One big way we are leveraging the power of technology in STEM learning is in our “Innovations Lab.” To date, we have installed these high-tech, hands-on labs in two K-8 schools and two middle schools.
The Innovations Lab includes a science lab, digital microscopes, large screen TVs, mobile furniture, a robotics court and netbooks, as well as PASCO Scientific Wireless Sensors, SPARKvue data collection and analysis software, and SPARK Element handheld science learning devices. The size of three classrooms, this lab provides an active space where students can develop problem-solving and critical thinking skills. They can conduct experiments, make scientific data measurements, analyze their data, generate their own claims, and discuss their claims with their peers. They can even write on their desks or the walls to sketch out ideas in an environment similar to that of professional scientists and engineers. All of this helps bring STEM to life while making learning more fun.
3. Build 21st century skills and make real world connections.
Students love robots. So, within the Innovations Lab, we use robotics systems to help students build engineering skills as well as 21st century skills such as teamwork, problem solving, and leadership. In the robotics court, which snaps together and can be quickly assembled and disassembled, students build and program robots and participate in robotics competitions.
To further encourage students’ — and especially girls’ — interest in engineering, we often pose real-world problems and ask them to come up with solutions that will benefit our community or society at large. For example, we invited a marine scientist to discuss her work and then we assigned related tasks to students. In one task, we asked them to build a robot to rescue a manatee and transport it to the local zoo. In another, students were asked to create a robot that could protect the local ecosystem from an oil spill.
4. Go wireless.
The Wireless Sensors have added a whole new dimension to what we can do in the Innovations Lab, as well as STEM courses district-wide. Because the sensors remove the clutter of cables, students can now conduct experiments that would have been impossible before. For example, in our award-winning outdoor learning space, Nature’s Classroom, wireless sensors have allowed for even our youngest scientists to collect meaningful data in the field. The wireless sensors also reduce lab set-up and clean-up time and the time it takes students to collect data, which means they can spend more time on analysis and discussion. This results in deeper conceptual learning.

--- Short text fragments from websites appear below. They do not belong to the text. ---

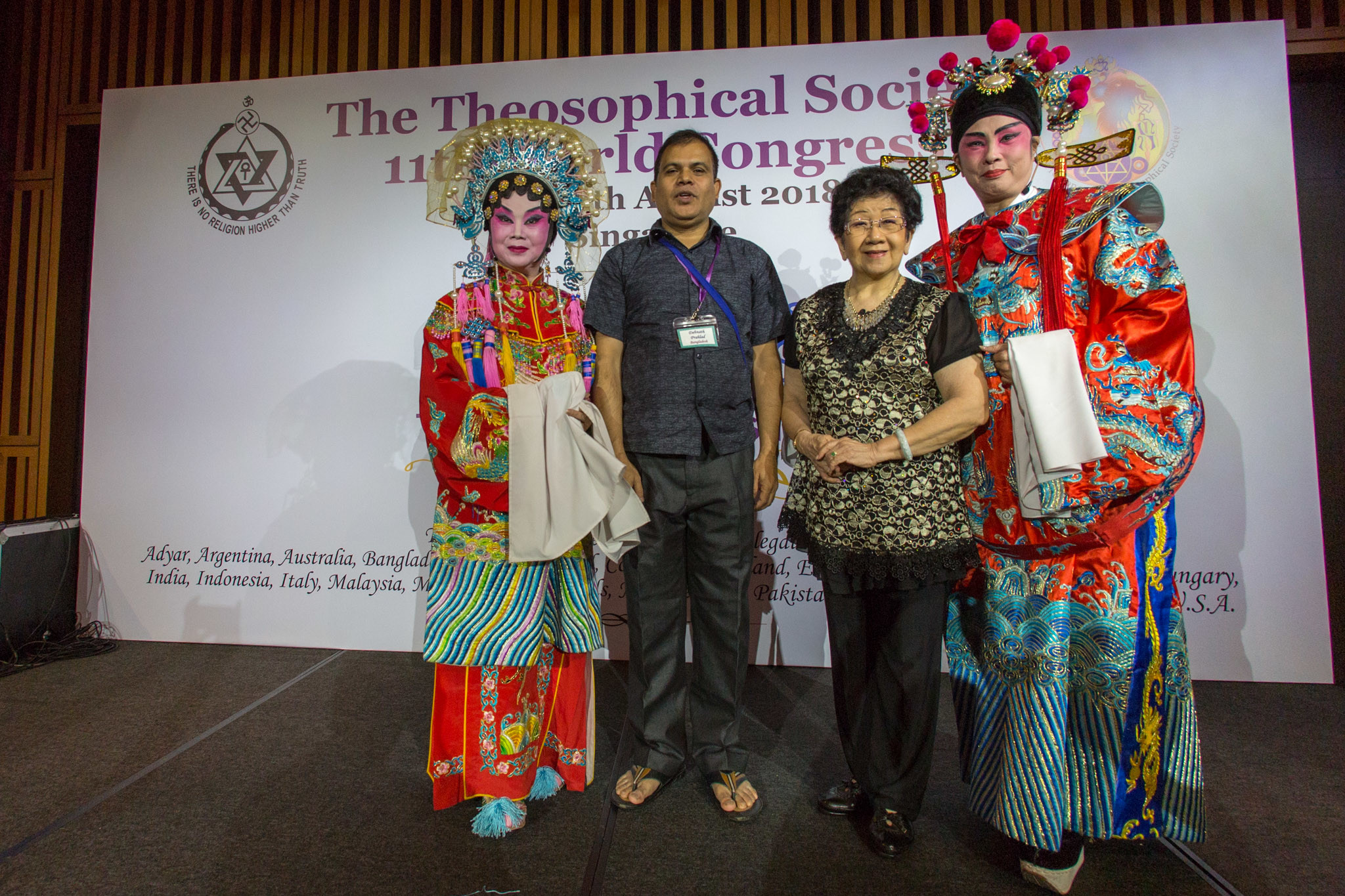 20180806215340 105532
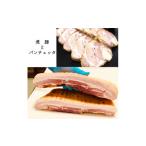 手作り パンチェッタ 300g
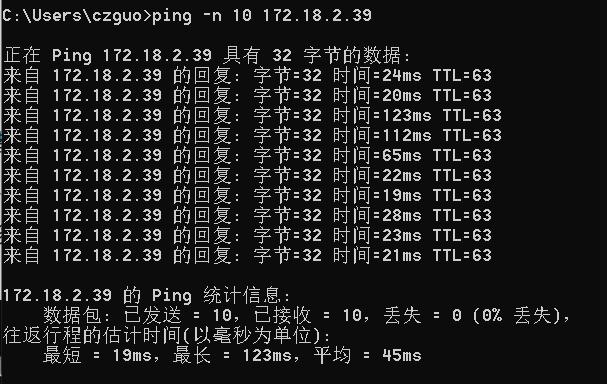 ping时间等于多少才是最好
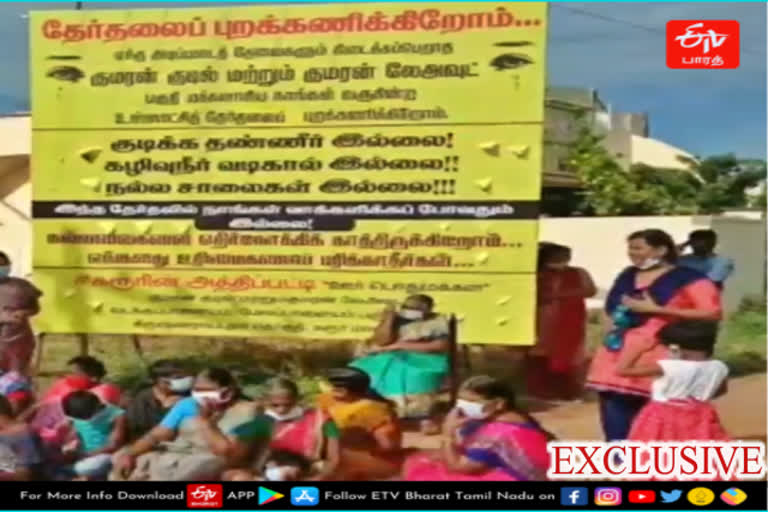 karur news  karur latest news  election boycott  election boycott by black flag  black flag protest  dmk mla  dmk mla slove public demand  கரூர் செய்திகள்  தேர்தல் புறக்கணிப்பு  தேர்தல் புறக்கணிப்பு போராட்டம்  திமுக எம்எல்ஏ  பேச்சுவார்த்தை  கருப்பு கொடி ஏந்தி போராட்டம்  போராட்டம்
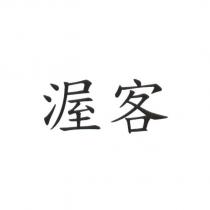 渥客
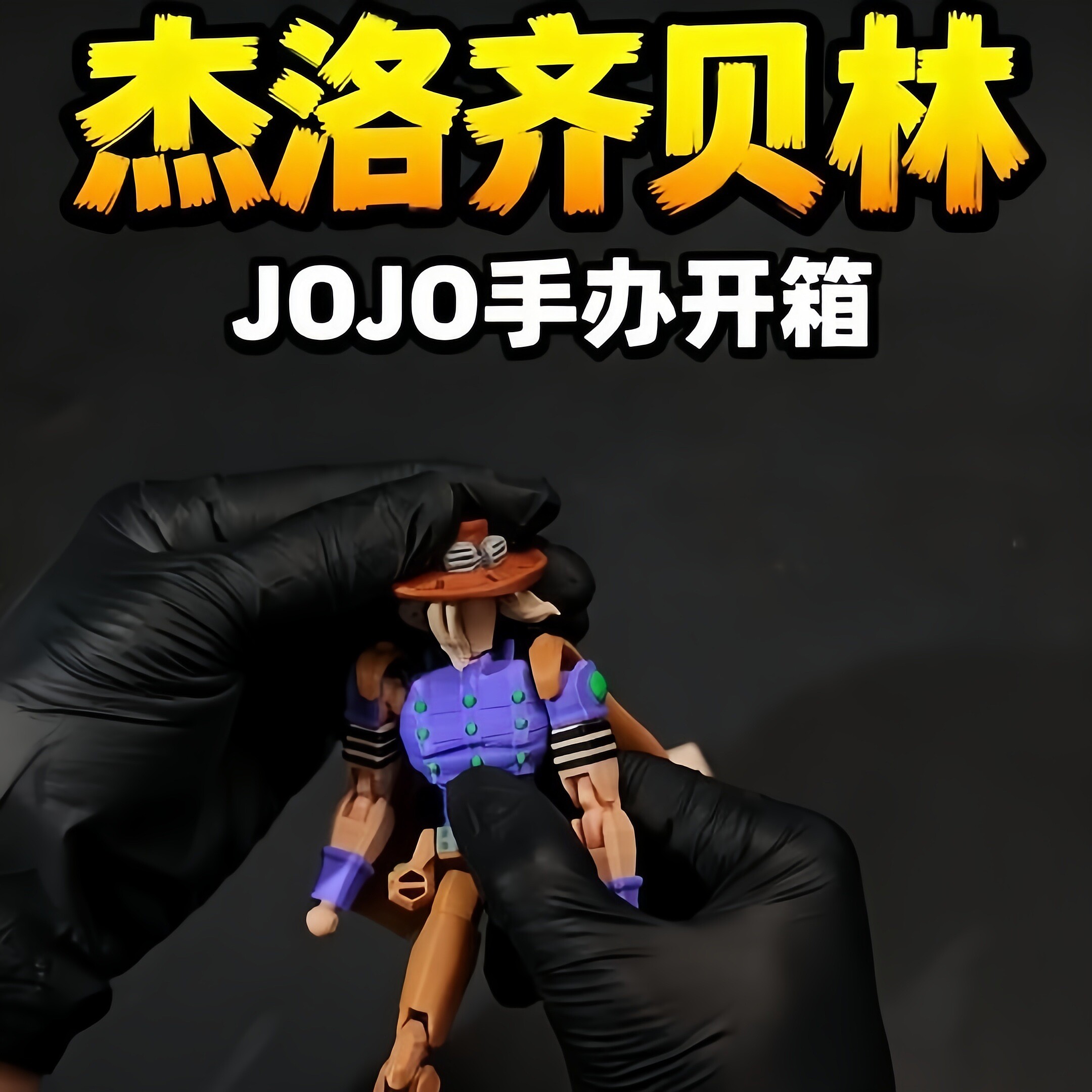 JOJO的奇妙冒险周边乔尼乔斯达手办模型摆件关节可动人偶桌面装饰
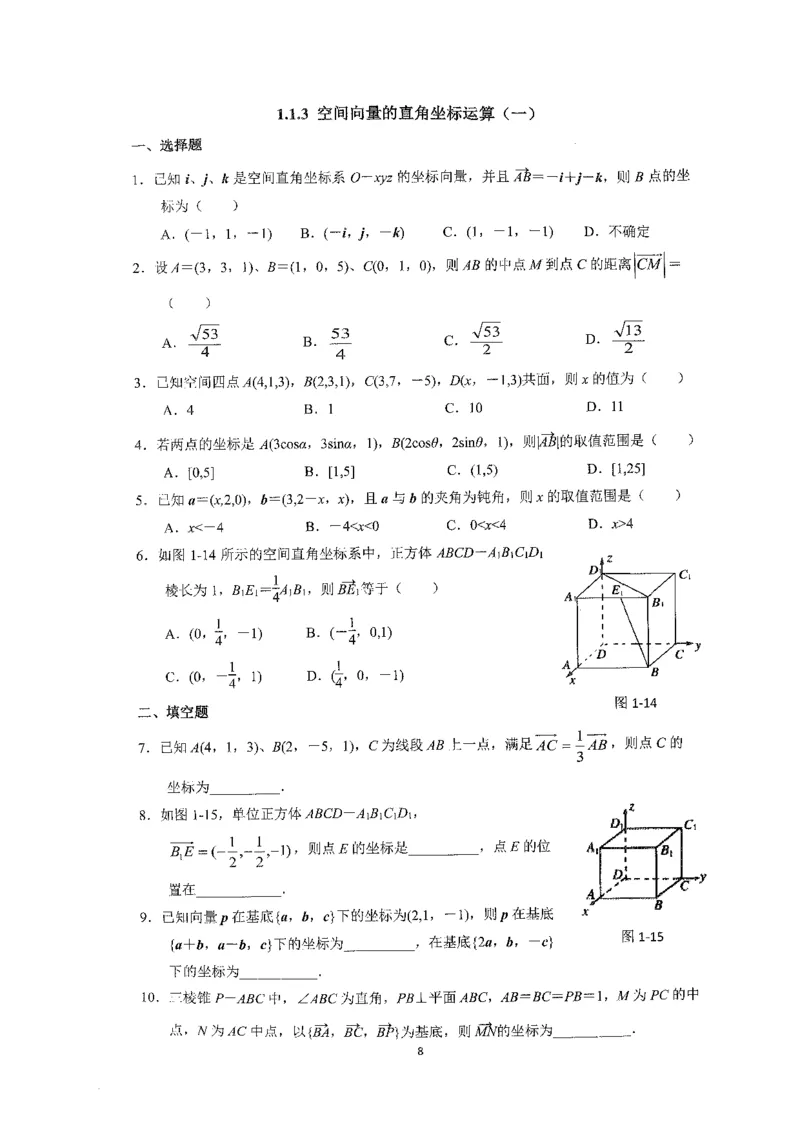 《2023届最新版》人大附中同步练习册选择必修第1册_8.❤北京人大附中内部资料_2.人大附中高中数学讲义合集（全）_人大附中高中数学讲义合集（全）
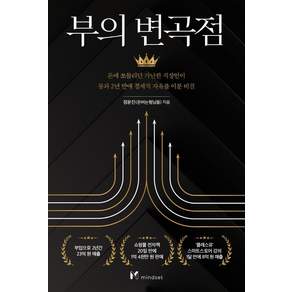 부의 변곡점 : 돈에 쪼들리던 가난한 직장인이 불과 2년 만에 경제적 자유를 이룬 비결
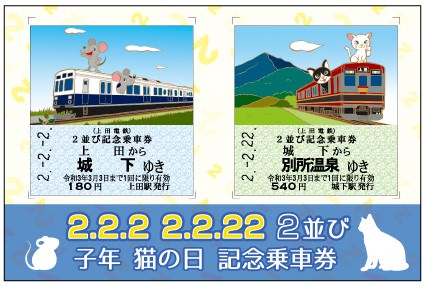 2並び『子年 猫の日 記念乗車券』 | 上田電鉄株式会社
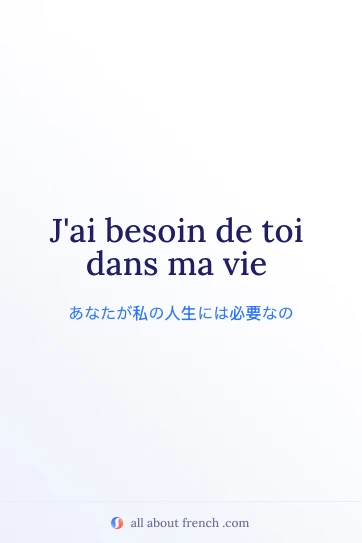 おしゃれなフランス語の言葉 besoin de toi dans ma vie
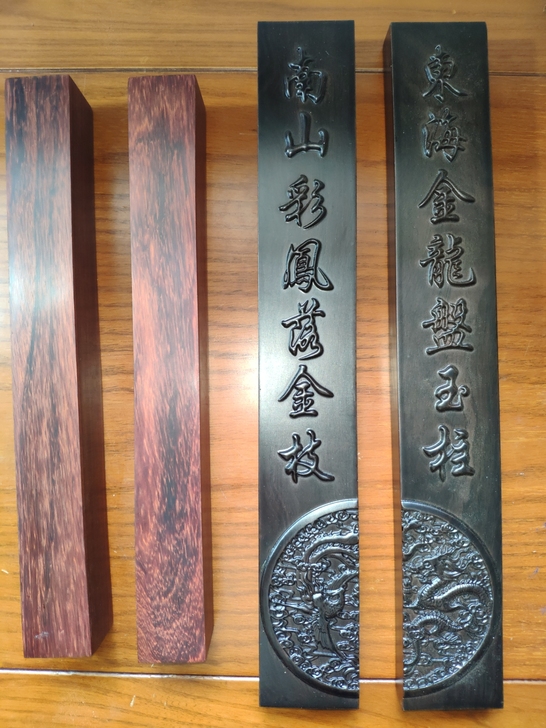 收藏的镇尺，一对黑檀木的，另一对犀牛角紫檀...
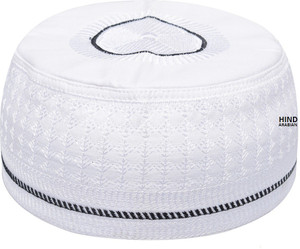 HIND ARABIAN ISLAMIC NAMAZ TOP 22 INCH 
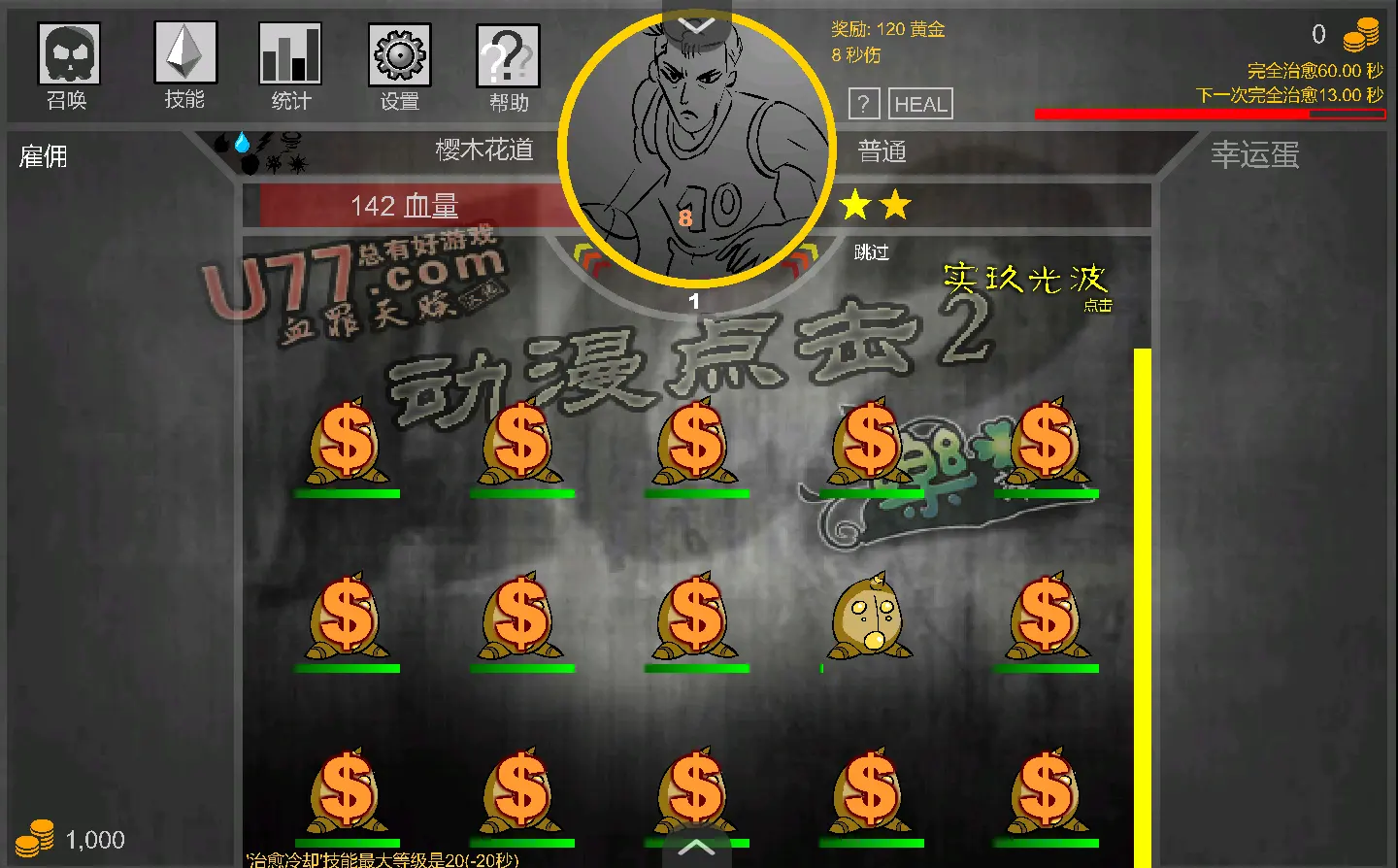 动漫点击2汉化版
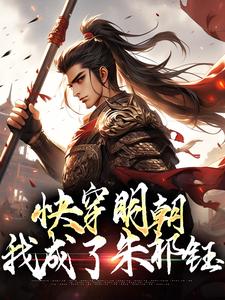 男女主人公叫朱祁钰的小说免费资源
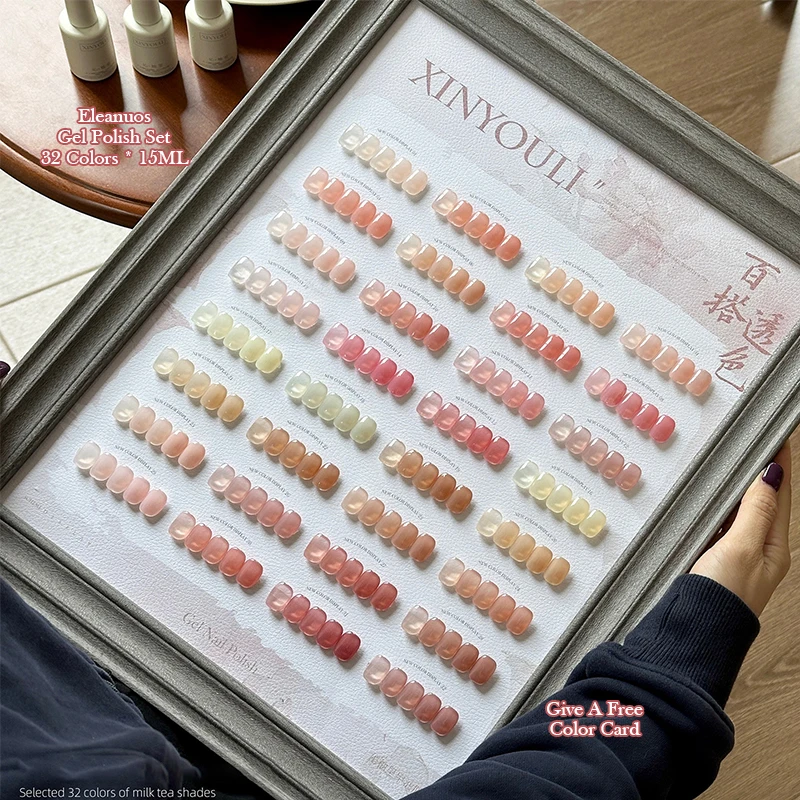 

Набор из 32 универсальных полупрозрачных гель-лаков для ногтей: нюдовые оттенки, стойкие, УФ/LED, для салонов красоты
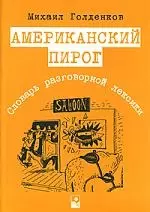 Американский пирог-3-е изд. — 2151212 — 1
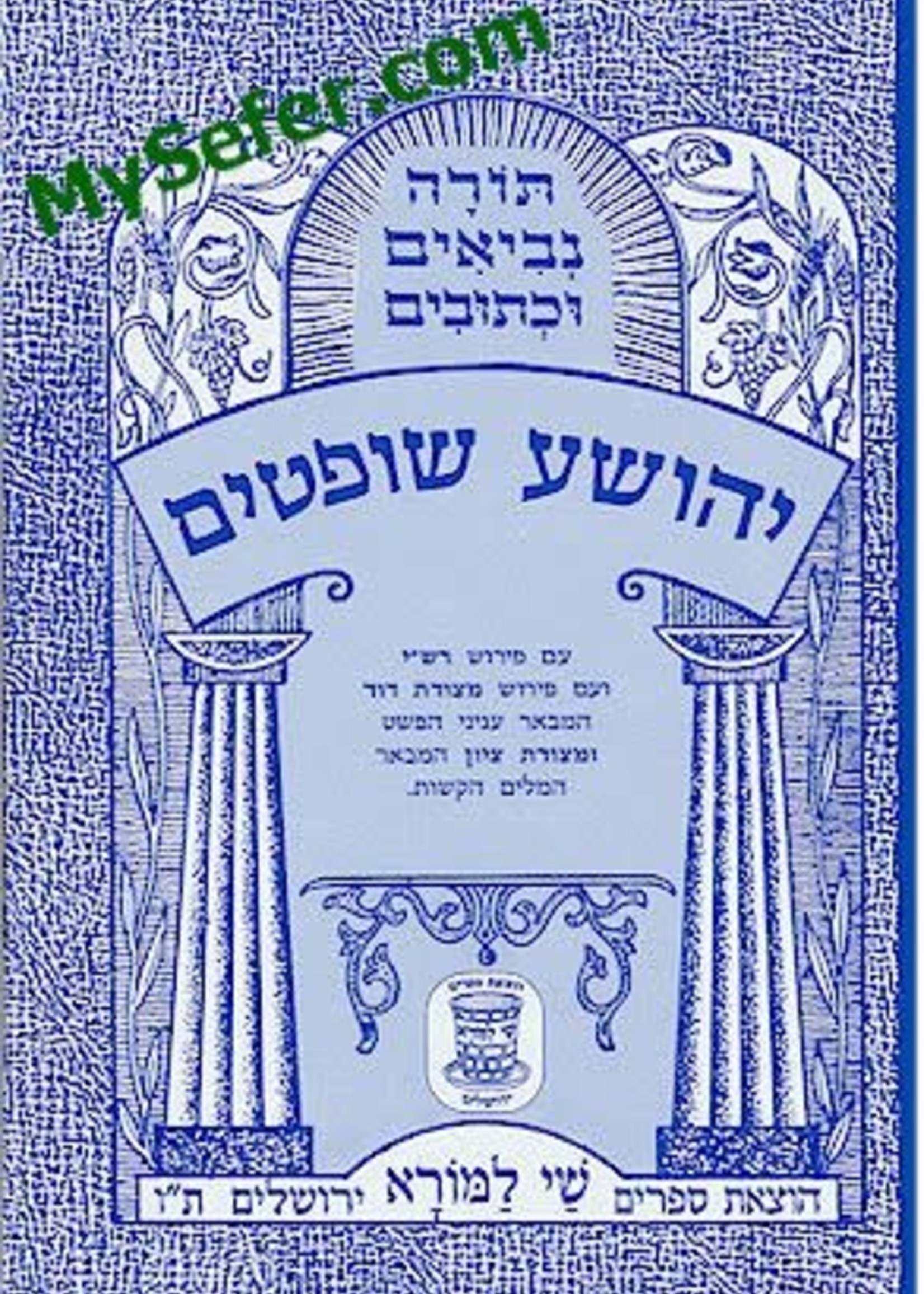 Yehoshua & Shoftim (Shay La'morah Edition)/  יהושע - שופטים (שי למורא)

Increasing students’ understanding and interest in STEM
The use of technology-supported inquiry and hands-on experiences, which incorporate the environments and the tools of modern STEM careers, is helping to improve students’ understanding of core STEM concepts and practices, while increasing their motivation to learn more.
In a career interest survey we conducted in grades 7–11, nearly 80 percent of students identified STEM careers as potential options for their future. We believe this is due not only to what we are teaching students but to how we’re teaching them.
We are also seeing gains in student performance. Our district, which includes more than 203,000 students in 250 schools, typically performs at or above the state average in science and math. Among the 10 largest districts in Florida, we have moved from seventh or eighth place all the way up to third in science scores for our elementary schools.
Our focus on STEM, particularly in our Innovations Labs, has created a culture shift around the importance of these subjects and the idea that they can be fun. It is this shift in thinking that has gotten us to where we are now.
In 2017-18, we plan to engage in a series of meetings with representatives from the technology and biomedical sectors of our community. In these meetings, we plan to work together to better define the STEM skill sets students should have when they leave our schools. The goal is to create a more productive ecosystem that will better serve our students as well as local employers. Through this collaboration, we can ensure we are meeting our students’ educational needs while filling the STEM pipeline with qualified workers.
Larry Plank is the director for K-12 STEM education for Hillsborough County Public Schools in Florida.